Así surgió Sùyīn, la otra voz que atraviesa Mañana, que fue creciendo y creciendo como una levadura hasta conformar su propio universo. Ella me permitió bucear en la historia, la cultura y la literatura chinas e imaginar a un puñado de personajes sin los que ahora no concibo esta novela.

Yo no quería escribir sobre el amor. Esta iba a ser una novela sobre la imposibilidad, sobre el dolor, sobre lo roto. Pero algo luminoso fue incrustándose en ella y otros lenguajes (el del tacto, el del deseo, el de la piedad), por suerte, se fueron imponiendo a golpe de destello.

Escribir el primer borrador de Mañana me llevó un año y medio de trabajo intenso, probablemente el más intenso de mi vida literaria. Llegar a editarlo ha supuesto cuatro más de búsqueda y de espera. En ese tiempo se sucedieron cuatro negativas antes de llegar hasta mi editora, Carolina Reoyo, y con ella a Lumen. Ahora agradezco ese ramillete de "noes" que me trajo hasta aquí, así como agradezco mi propia perseverancia, mi modo de no desfallecer.

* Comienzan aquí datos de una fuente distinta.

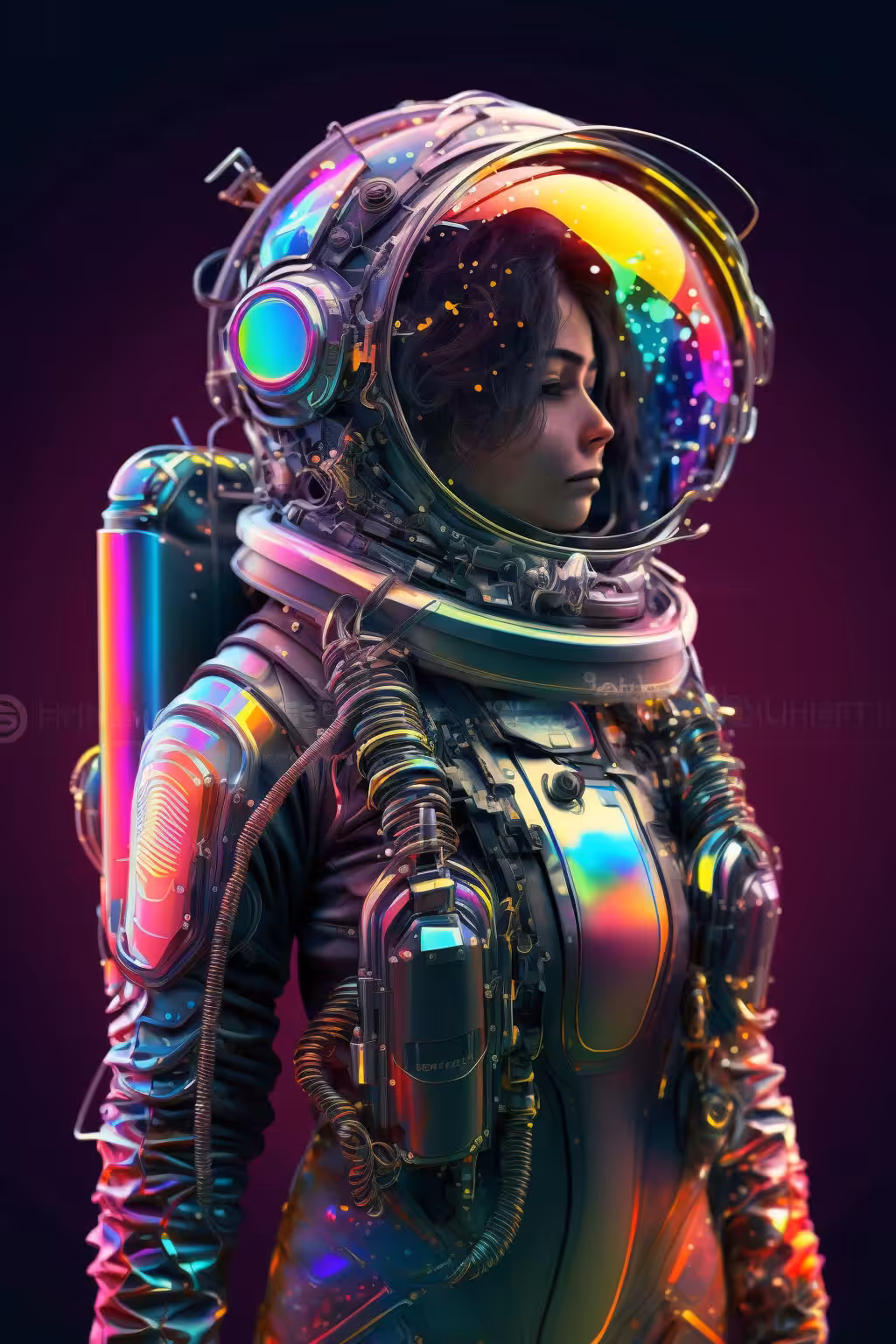 Portrait of Women in Space 3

Para editar hace falta que alguien crea en eso que has escrito (la mayoría del tiempo, incluso, hace falta que ese alguien seas tú). Hay que sostener la duda que todo texto trae consigo sin perder del todo la fe que arrastra.

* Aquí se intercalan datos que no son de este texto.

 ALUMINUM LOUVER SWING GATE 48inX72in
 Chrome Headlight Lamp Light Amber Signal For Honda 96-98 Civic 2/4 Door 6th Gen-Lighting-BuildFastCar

Esta novela abrió en mí una nueva forma de escribir. Puede decirse que inauguró algo que impregnó también los libros que vinieron después (Las escritas y Todas las veces que el mundo se acabó): ese algo es la misericordia.

Concebida no solo como una forma de compasión, algo atravesado por la lástima, sino como una forma de perdón, algo que nos invita a abandonar el espacio de la condena para inscribirnos en el espacio de la comprensión (incluso de aquello que nos resulta insoportable).

En cierto modo, Mañana ha reblandecido mi escritura. Me ha reblandecido a mí. Ahora cuido su luz y su blandura. Las reivindico. Confío en ellas como material de lucha y de transformación social. Las coloco donde antes ponía la oscuridad, la tristeza, el dedo acusador... Ondean como una sábana tendida frente a mí. Todavía puedo respirar su frescor.